Is it possible to fake an http_referer?

Yellow_Dart · 2003-11-27T02:34:20+00:00

Hi, I wrote a little regular expression that compares the $_SERVER['HTTP_REFERER'] against a pattern i made. The point of it is to only allow the script to...

Is it possible to fake an http_referer?

abx_2112

yes that's a great start it's so much harder to load one of your pages in a hidden frame then it is to fake the http_referer.

Care to explain?

Moonglobe

hidden frame.... no border, no width, no height. would set the session variable. you could then load the image........

drawmack

Originally posted by abx_2112
Care to explain?

http://www.suryvial.com/articles/1/1

http://www.suryvial.com/articles/1/3

Bunkermaster

FYI : reget download manager allows you to fake the referer (I sometimes use it to test my code)

abx_2112

I feel I was (am) completely ignorant in this subject. I'm afraid I didnt give enough thought to the problem, so i deserve the sarcasm 😕

yes that's a great start it's so much harder to load one of your pages in a hidden frame then it is to fake the http_referer.

anyway, thinks for the info drawmack 🙂

drawmack

Originally posted by abx_2112
I feel I was (am) completely ignorant in this subject. I'm afraid I didnt give enough thought to the problem, so i deserve the sarcasm 😕

anyway, thinks for the info drawmack 🙂

My sarcasm is not intended to offend. NP about the info

Corpheous

Wouldn't it be a better idea to set up admin privaleges in your database and set the page to check the cookie name against the database and see if that user has sufficient access to be allowed onto a page?

keith73

there is another problem with HTTP_REFERER. If a valid user is grabbing the file from your site as intended, it still may fail becuase some proxies will not send the referring page in the headers. You could be keeping legitimate users from seeing what you want them to see.
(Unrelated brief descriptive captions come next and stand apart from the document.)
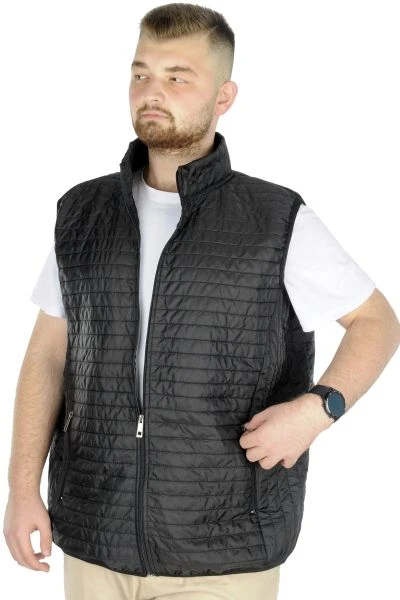 Big Size Men's Vest with Quilted Collar 22601 Black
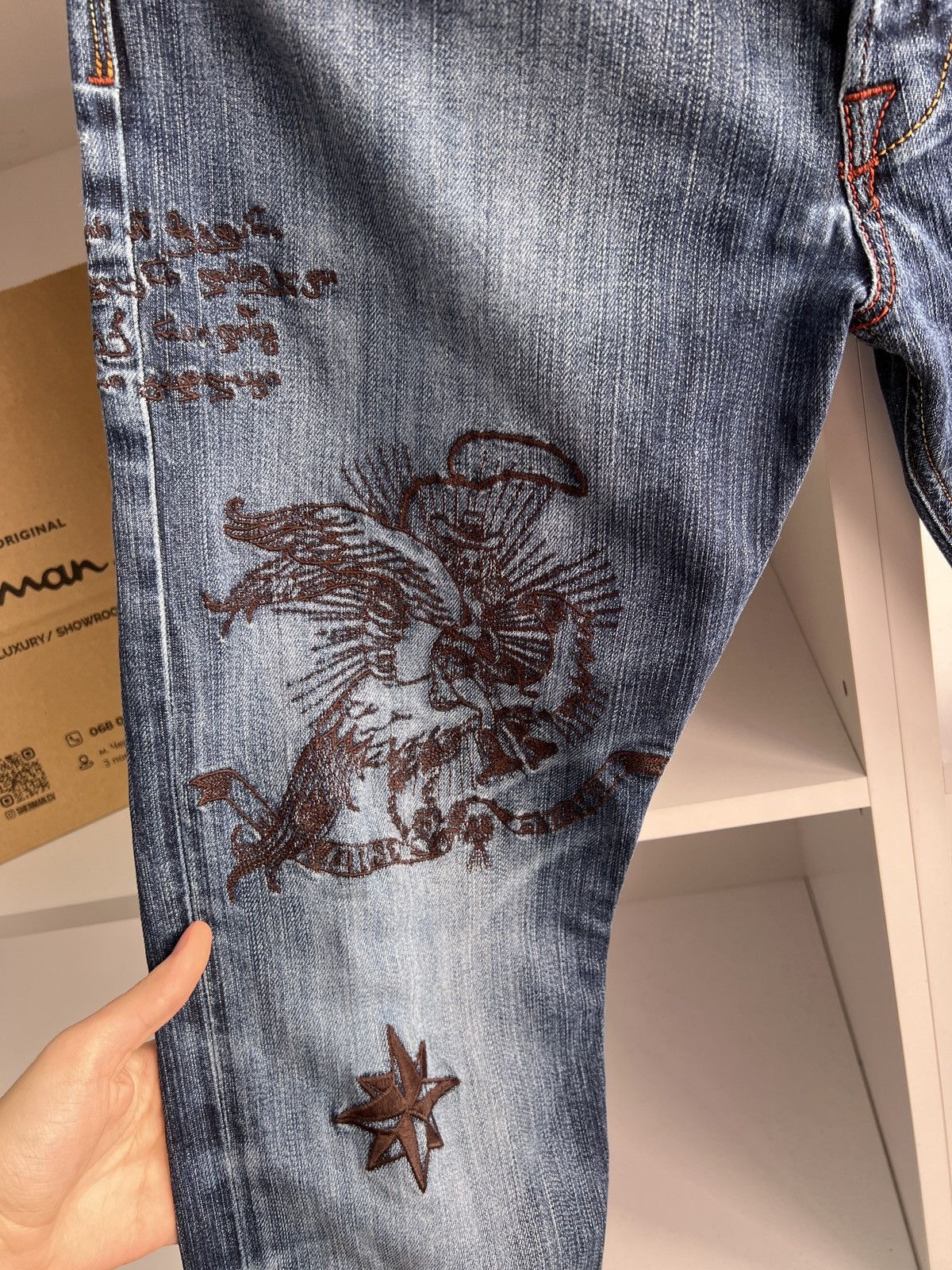 Designer × Diesel × Vintage RARE Y2K Criminal Bandit Embroidered Tattoo Denim Jeans Size US 32 / EU 48 - 9 Thumbnail
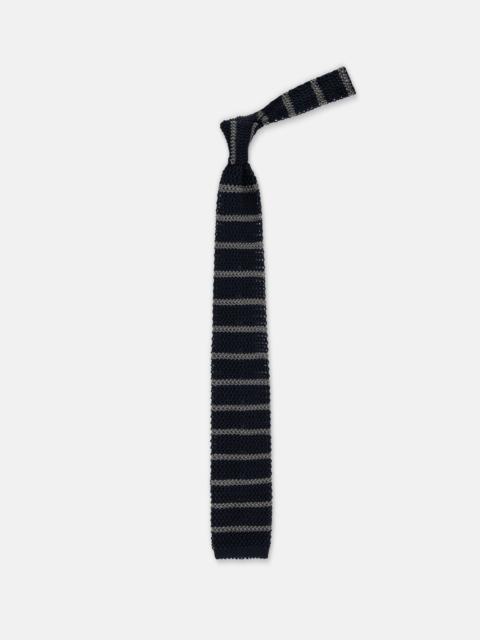 J. PRESS MADE-IN-ITALY BLUE & GREY BAR STRIPE SILK KNIT TIE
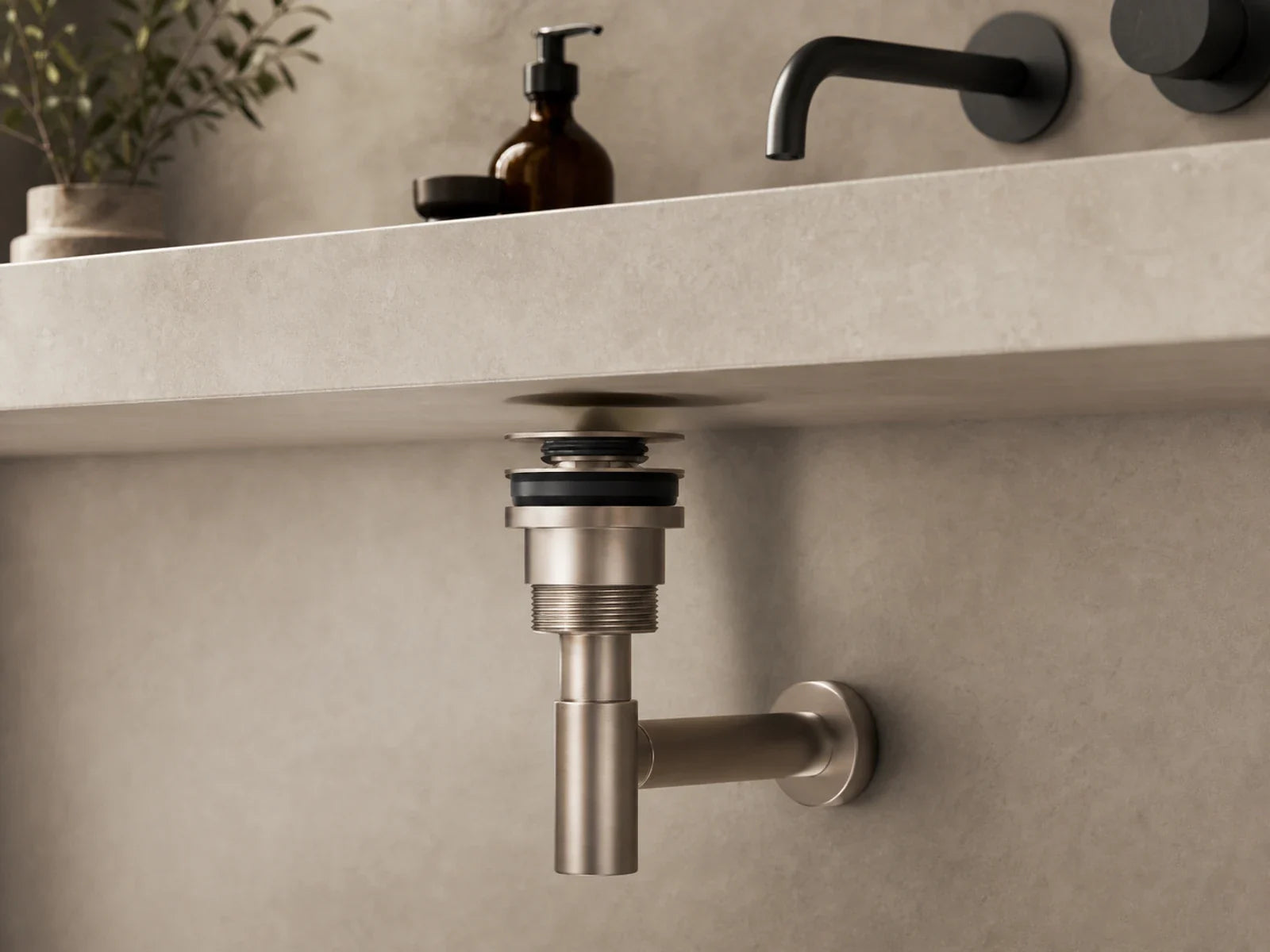Basin Siphon Holder Meir Round Head Universal with a shutter Champagne Pink MP04F-UNI-CH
Bottom line, if you make a file public on your site, it's basically public for everyone to find. you can only do so much to limit usage, but a determined person will always find a way, unless you protect everything via htaccess.

keith

Weedpacket

Uh, you resurrected a six-year-old thread to show that you got the wrong end of the stick?

scrupul0us

There's a stick to be had?

Shameless +1 😃

dalecosp

Weedpacket;10937009 wrote:
Uh, you resurrected a six-year-old thread to show that you got the wrong end of the stick?

Perhaps he found a bug in [man]date/man ?

Oh, no, I guess not. This tag prolly won't work, either. [man]if_pebkac/man. Ah, well.